I believe evangelicals are the most powerful culture-shaping force in America. Hollywood has reach and glamor, Harvard has intellectual muscle, but both are tainted by charges (some true, some unfair) of elitism. Evangelical Christianity is a middle America movement with huge numbers, loud microphones and an ethos that huge swaths of this country – whether they sing praise songs in church or not – identifies with. Take my mother, an Indian Muslim woman who lives in suburban Chicago and teaches accounting at a community college. Imagine my surprise when I walked into her home the other week and she was listening to Christian radio! “What’s this about?” I asked. “I like the soothing voice and the music. It’s always positive and never dirty.”
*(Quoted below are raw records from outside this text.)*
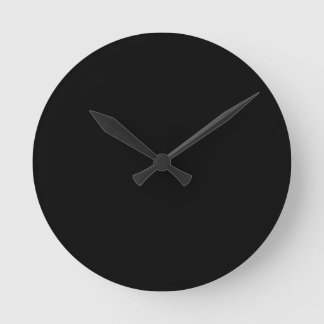 Horloge Ronde Noir Uni Plein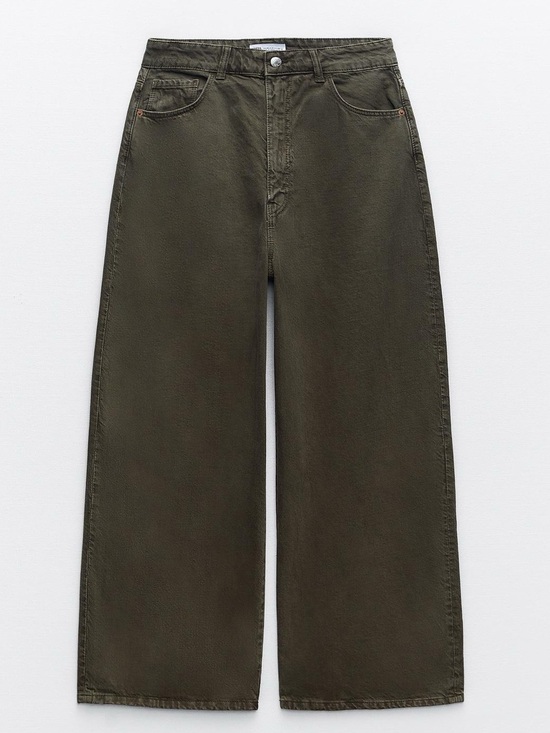 Zara Denim - Zara Mid Rise Baggy Jeans in Green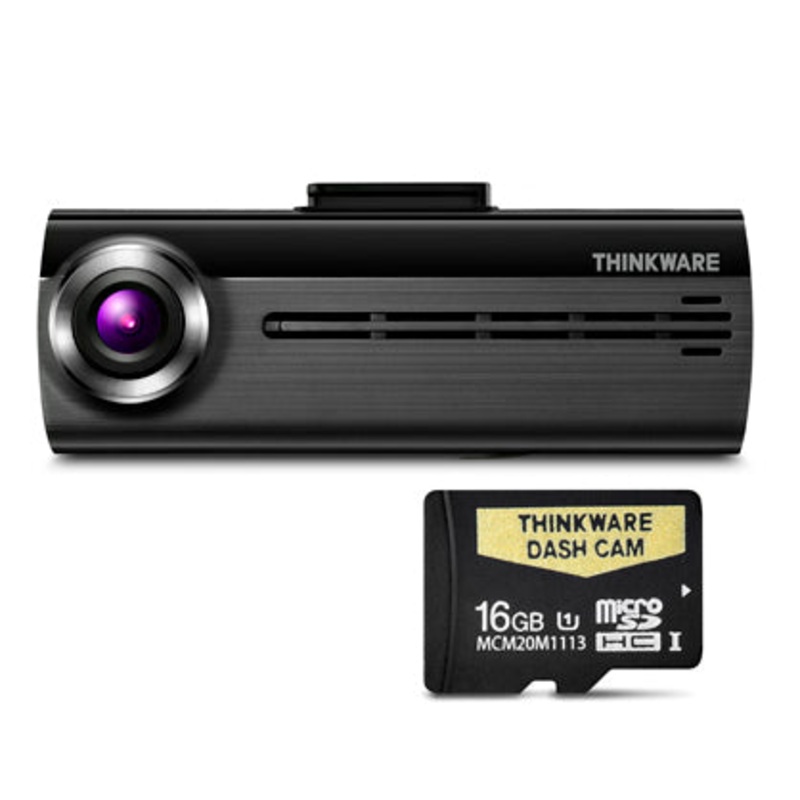 Thinkware F200 Full HD Front Only Dash Cam with 16GB SD Card – F20016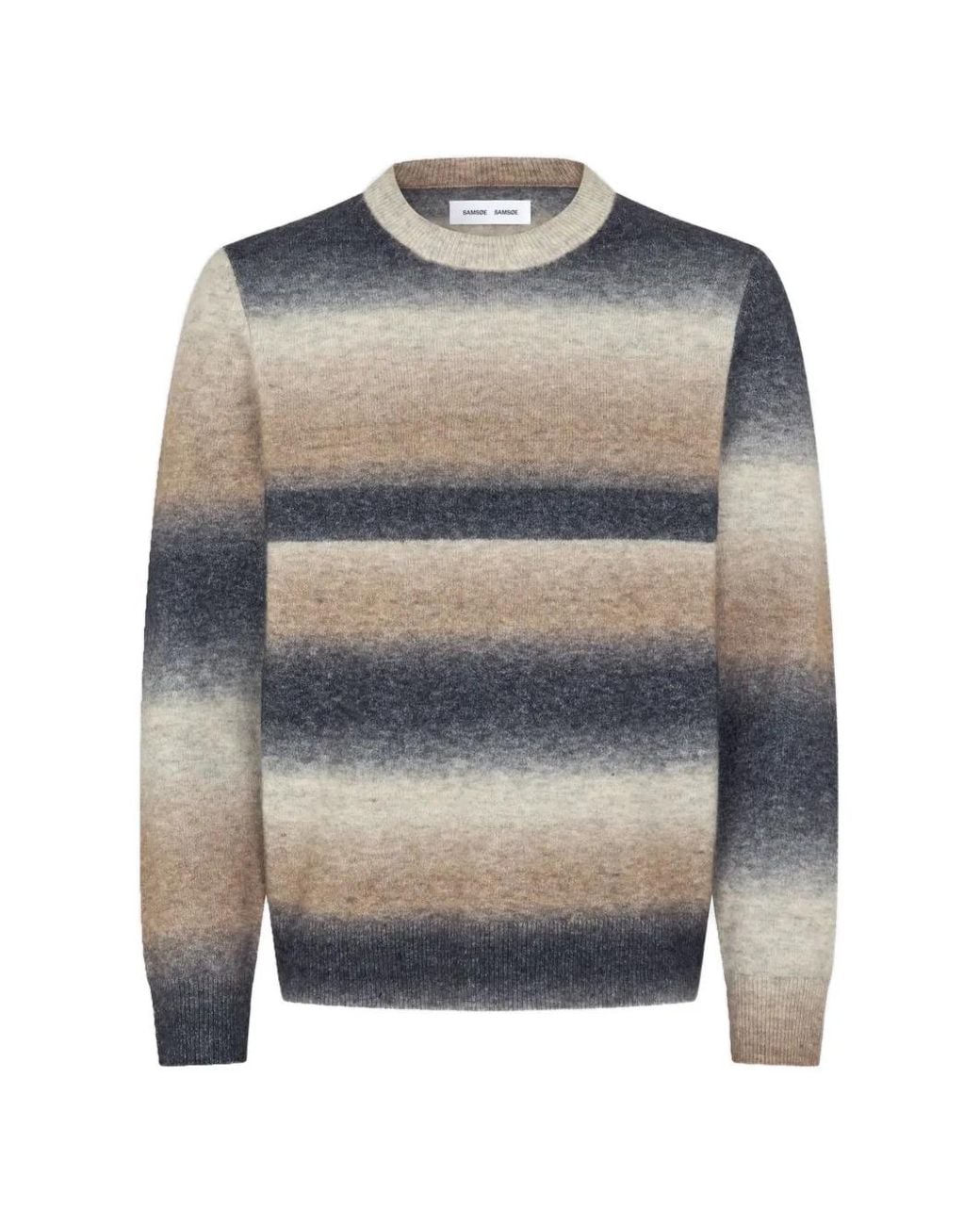 Samsøe & Samsøe Aiden Pullover Mit Streifen in Gray für Herren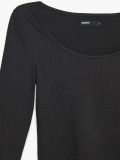 Top cu mânecă lungă - negru - CROPP - small5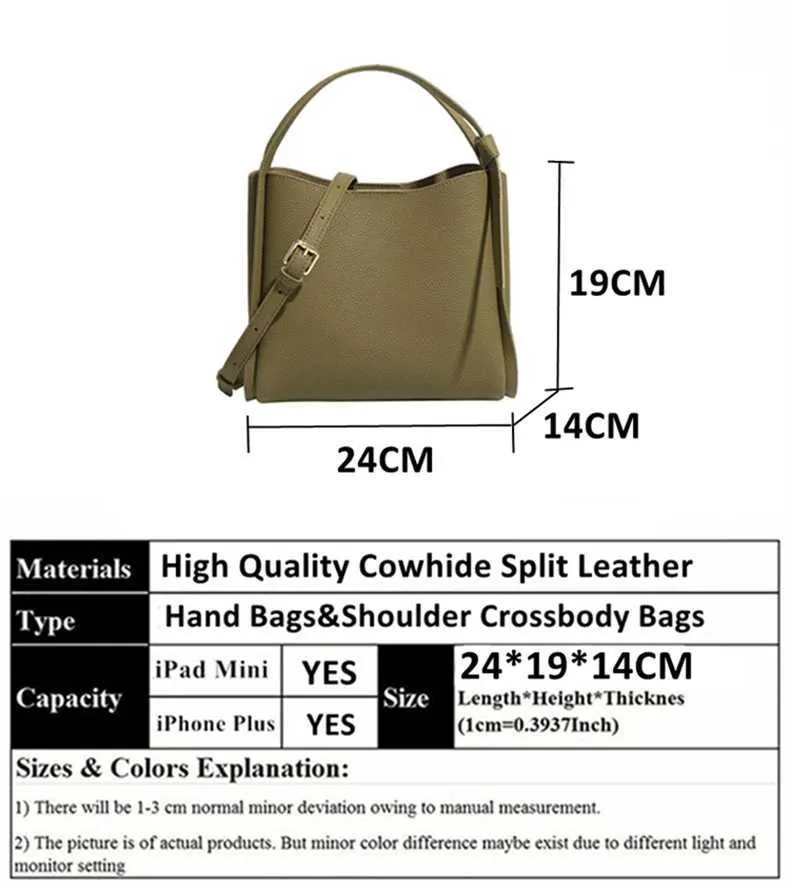 Sacs à main fourre-tout en cuir véritable de vachette Hifashion pour femmes 2024 Tendance Designer Panier Petit sac à bandoulière pour dames_voghion.com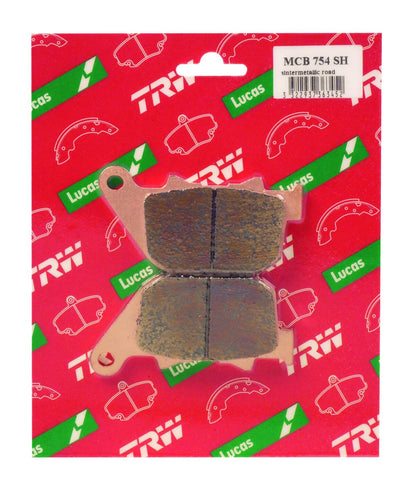 TRW BRAKE PAD SH SINTER PERFORMANCE STREET & ROAD TRACKS MCB754SH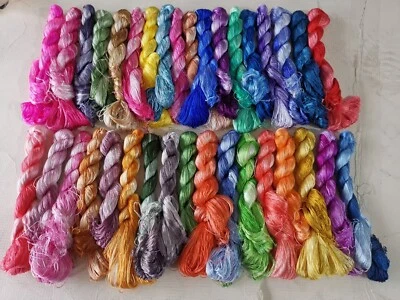 Colorful nice Gradient Colors 100%mulberry silk,hand-dyed embroidery silk thread - Image 1 of 4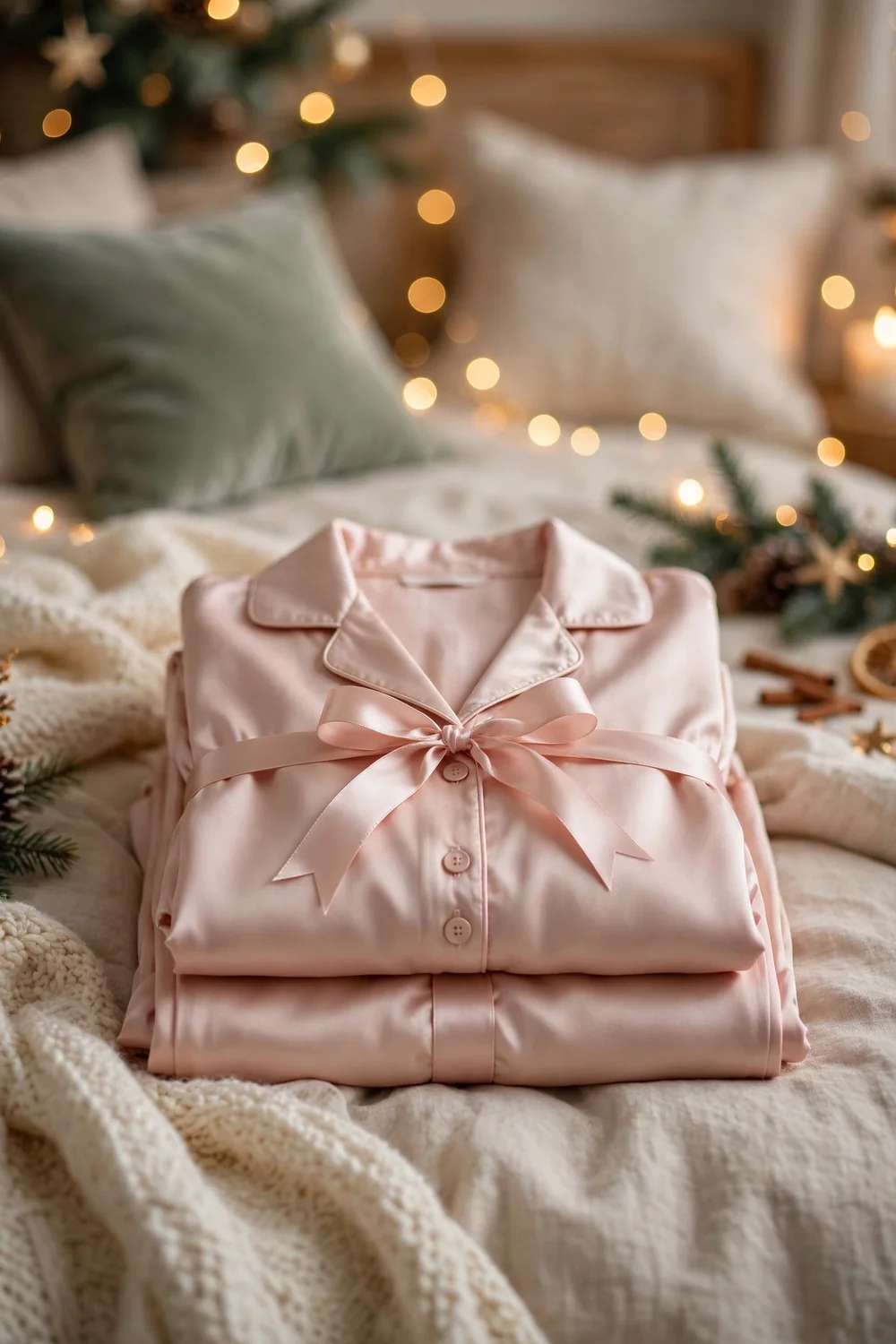Satin pajama set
Most importantly, when evangelicals engage cultural issues, those issues turn. That’s why so many people were excited when Rich Cizik, then VP of the National Association of Evangelicals, put his stake in the ground around the environment. The best example of this may be AIDS. In 1985, the image of AIDS was a gay bath house in San Francisco that the culture should curse. In 2005, the image of AIDS was an orphan in Africa that the world should help. Evangelicals helped create the first image, and then after many had real-world experiences of the devastation in Africa, tore that image down and erected the second one. That is astounding cultural power.
And now some evangelicals are taking on the issue of the faith divide. A few years ago I had the great honor of speaking at the Q Conference, a gathering that explores new issues relevant to the evangelical community. I’ve written about how Rick Warren and Jim Wallis have increasingly reached out to Muslims and how Skye Jethani, an important young preacher and writer, has been eloquent on this issue . My colleague and friend on Obama’s Faith Council, Pastor Joel Hunter, had the youth group at his Northland Church participate in an interfaith service week with a Muslim-Christian Service project.
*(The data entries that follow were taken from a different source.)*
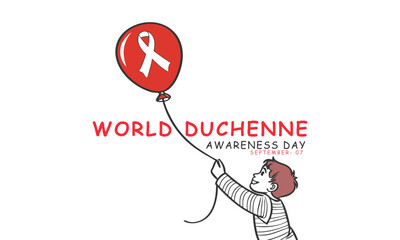 World Duchenne Awareness Day. Duchenne Concept Design Background.
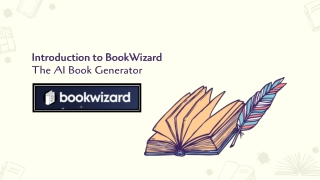 Introduction to BookWizard - The AI Book Generator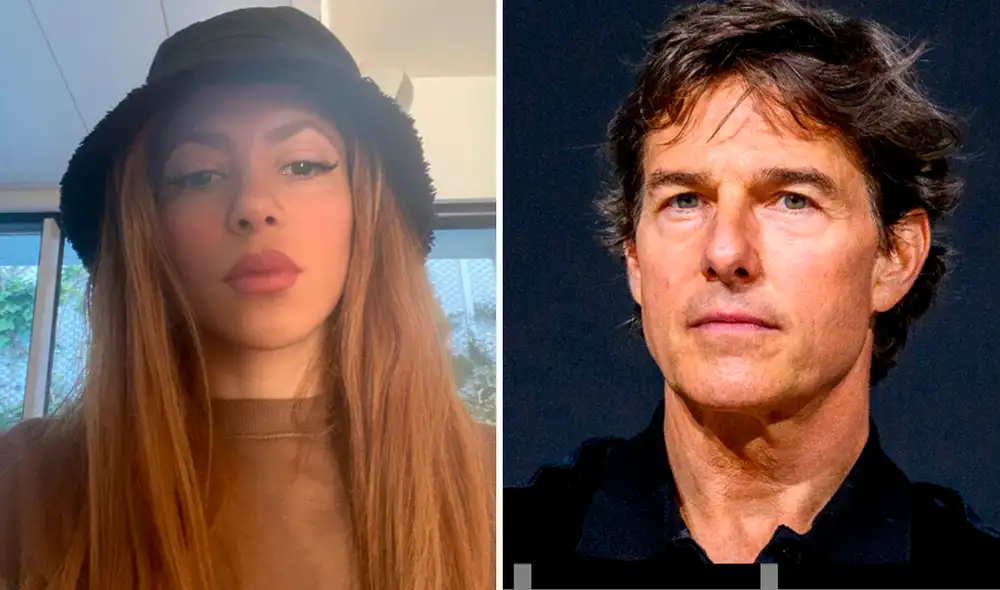 Shakira y su reciente encuentro público con Tom Cruise. Foto: composición LR/Instagram/Shakira/difusión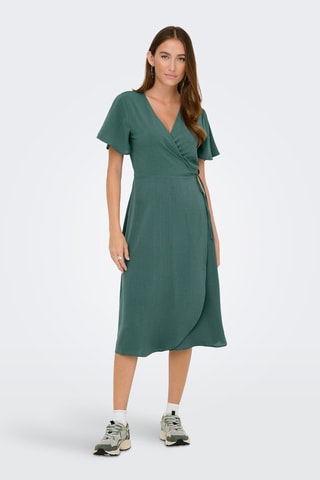 Robe midi regular - Vert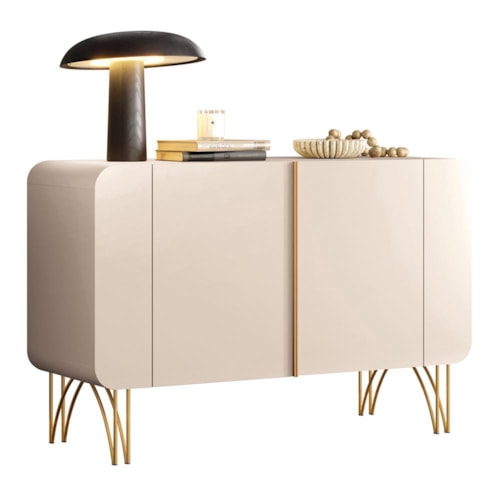 Balcão Buffet Benvenuto 2 Portas Off White - HB Móveis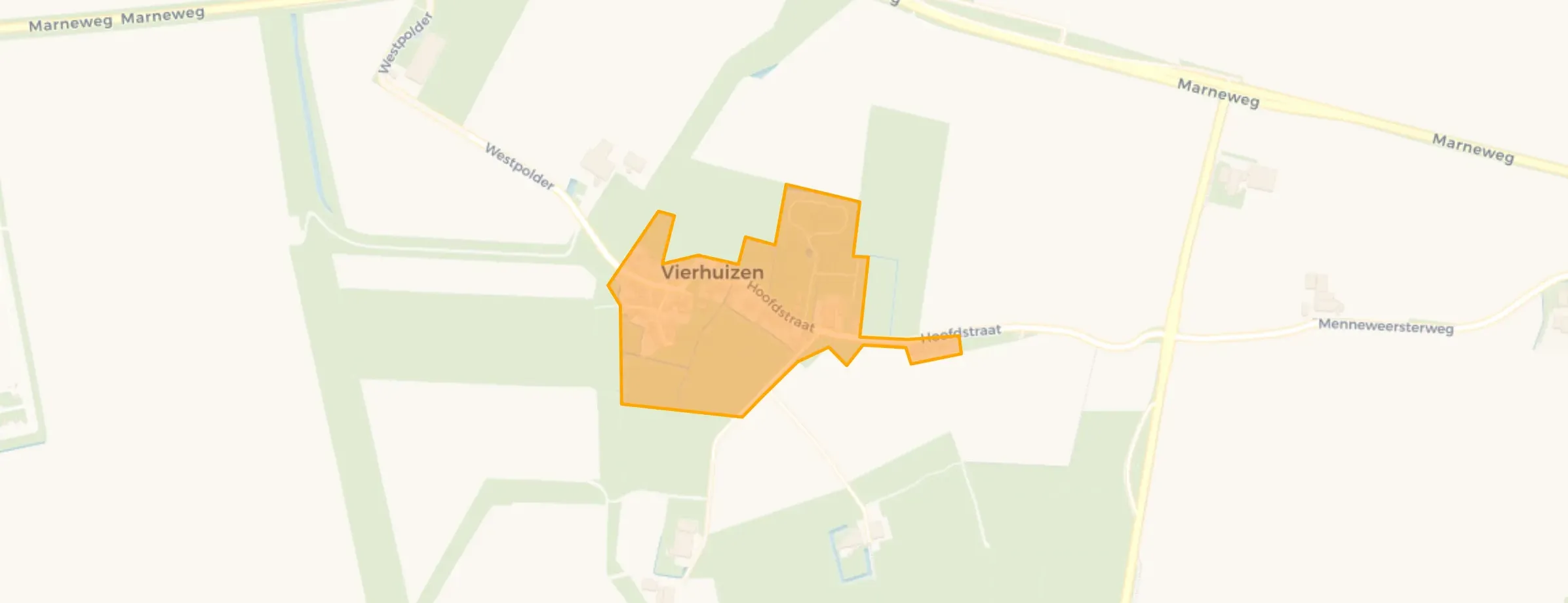 Kaart van Vierhuizen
Pastor Bob Roberts has just put out an excellent book on this topic, Real-Time Connections. It describes Bob’s travels in Vietnam and the Muslim world, his friendships with non Christians, and his commitment to serving others of all faiths not primarily to make them Christian but to make himself more Christian.
It is a beautiful, brave book. And it gives me a ton of hope. Notre Dame political scientist David Campbell says that evangelical churches taking on race can be the final step in America’s transcending our original sin. I believe if evangelicals bridge the faith divide, we could make the 21st century one characterized by interfaith cooperation rather than religious conflict.